## [WHAT YOU NEED TO DO]
Among the lines below, output only those between the line holding "Step 3. Tap" and the line holding "There will be", inclusive, exactly as written and with no pictures.

---- SUPPLIED DATA

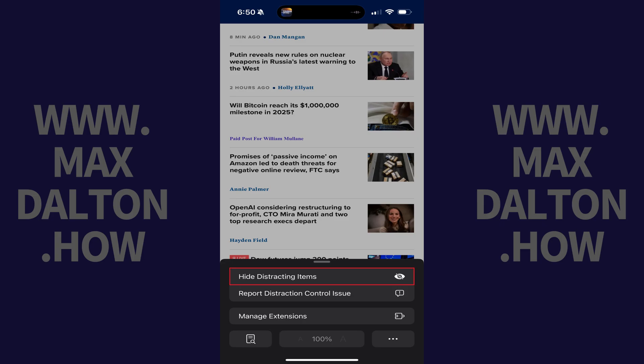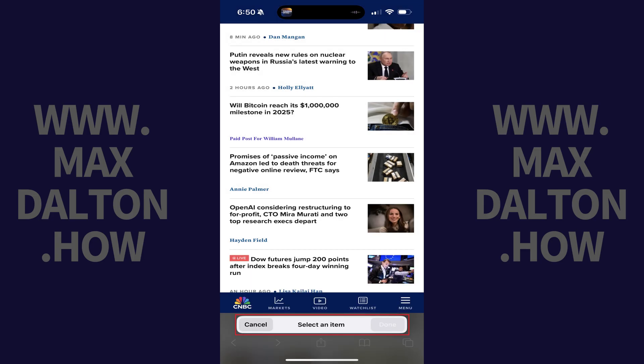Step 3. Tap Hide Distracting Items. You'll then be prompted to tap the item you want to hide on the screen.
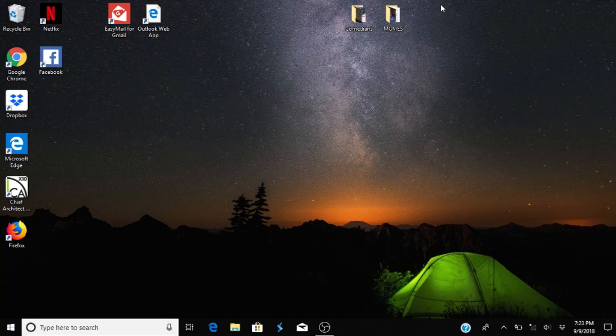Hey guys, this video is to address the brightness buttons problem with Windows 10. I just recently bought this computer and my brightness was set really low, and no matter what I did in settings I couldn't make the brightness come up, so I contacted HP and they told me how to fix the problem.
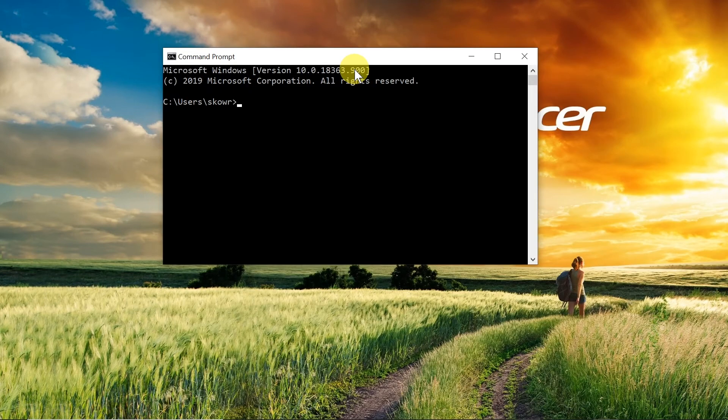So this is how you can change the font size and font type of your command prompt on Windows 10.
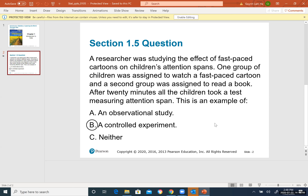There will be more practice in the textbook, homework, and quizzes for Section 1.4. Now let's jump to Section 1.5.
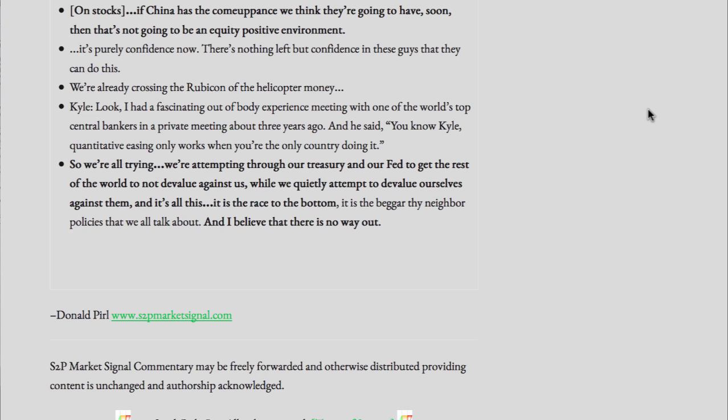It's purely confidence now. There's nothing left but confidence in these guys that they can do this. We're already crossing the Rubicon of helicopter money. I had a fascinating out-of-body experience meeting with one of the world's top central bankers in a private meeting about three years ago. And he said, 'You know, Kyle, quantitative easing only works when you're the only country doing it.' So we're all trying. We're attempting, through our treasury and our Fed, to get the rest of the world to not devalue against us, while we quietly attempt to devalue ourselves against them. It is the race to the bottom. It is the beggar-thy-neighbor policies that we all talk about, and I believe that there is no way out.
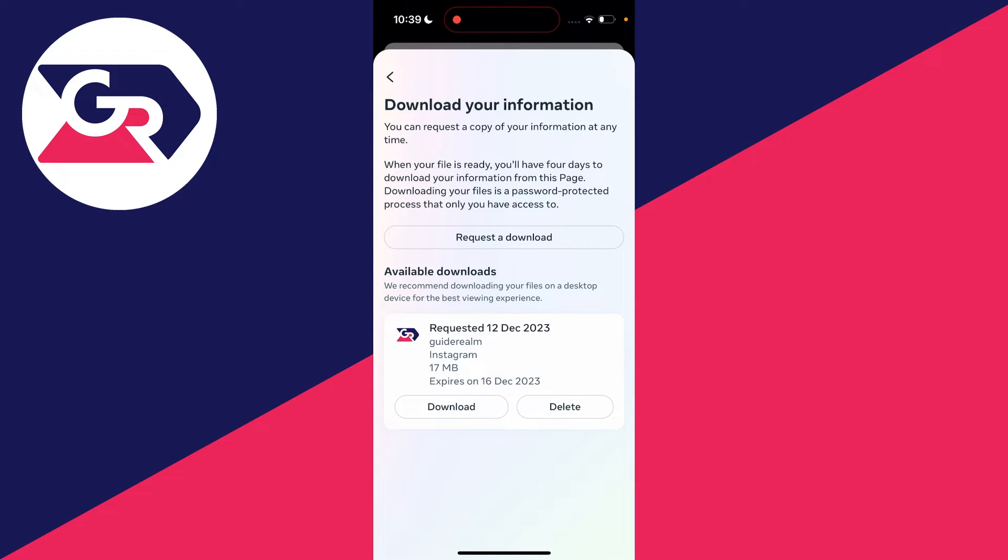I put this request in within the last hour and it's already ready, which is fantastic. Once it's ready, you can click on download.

--------
---- SUPPLIED DATA

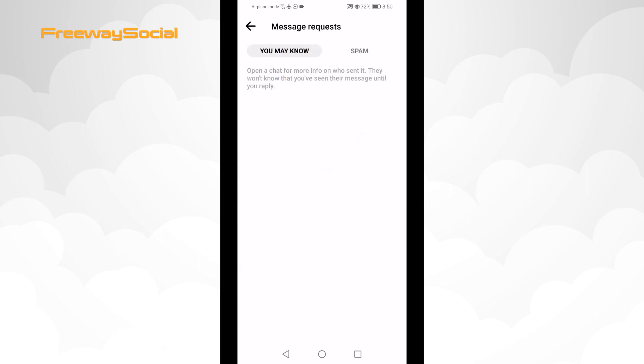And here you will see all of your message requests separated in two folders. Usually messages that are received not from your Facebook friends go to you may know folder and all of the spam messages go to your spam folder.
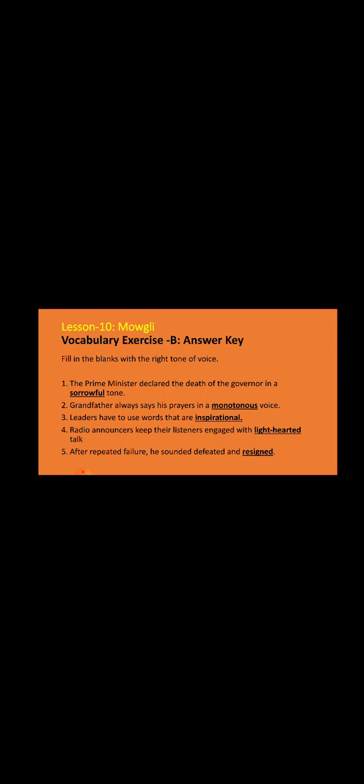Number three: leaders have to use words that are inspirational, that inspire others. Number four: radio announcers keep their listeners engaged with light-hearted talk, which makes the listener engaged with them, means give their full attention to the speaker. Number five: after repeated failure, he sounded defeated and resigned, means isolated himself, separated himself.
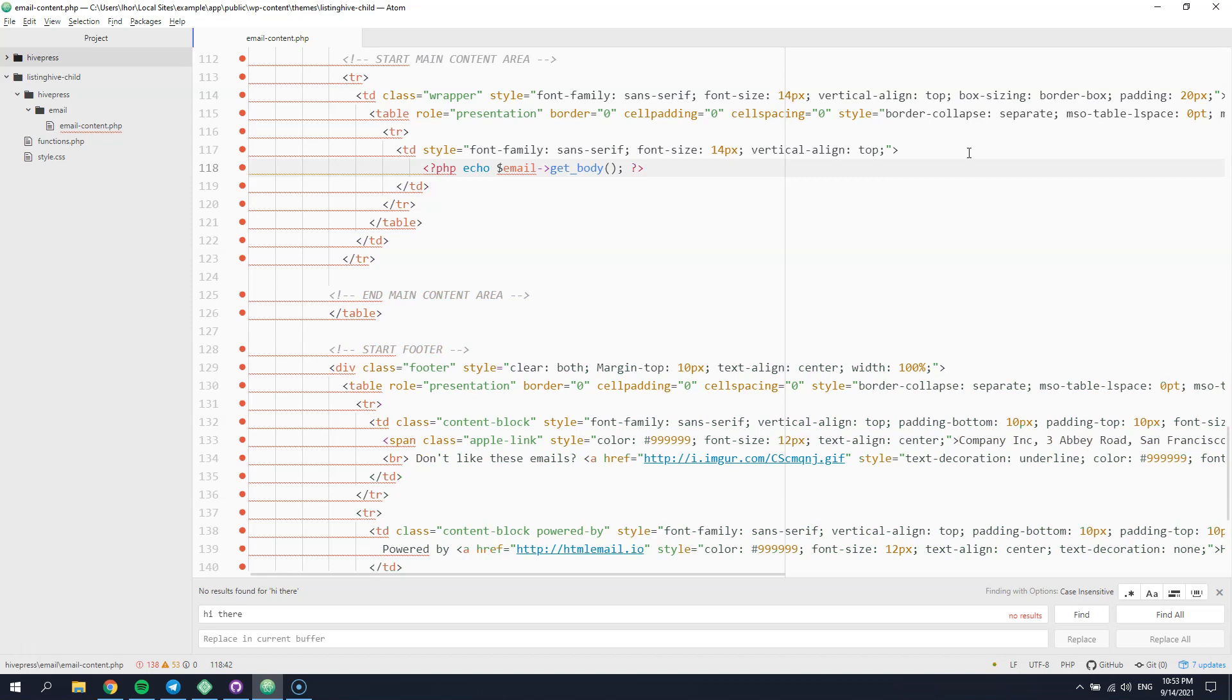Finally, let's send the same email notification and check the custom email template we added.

--------

## [ANSWER FOR THE TASK]
Step 3. Tap Hide Distracting Items. You'll then be prompted to tap the item you want to hide on the screen.
Hey guys, this video is to address the brightness buttons problem with Windows 10. I just recently bought this computer and my brightness was set really low, and no matter what I did in settings I couldn't make the brightness come up, so I contacted HP and they told me how to fix the problem.
So this is how you can change the font size and font type of your command prompt on Windows 10.
There will be more practice in the textbook, homework, and quizzes for Section 1.4. Now let's jump to Section 1.5.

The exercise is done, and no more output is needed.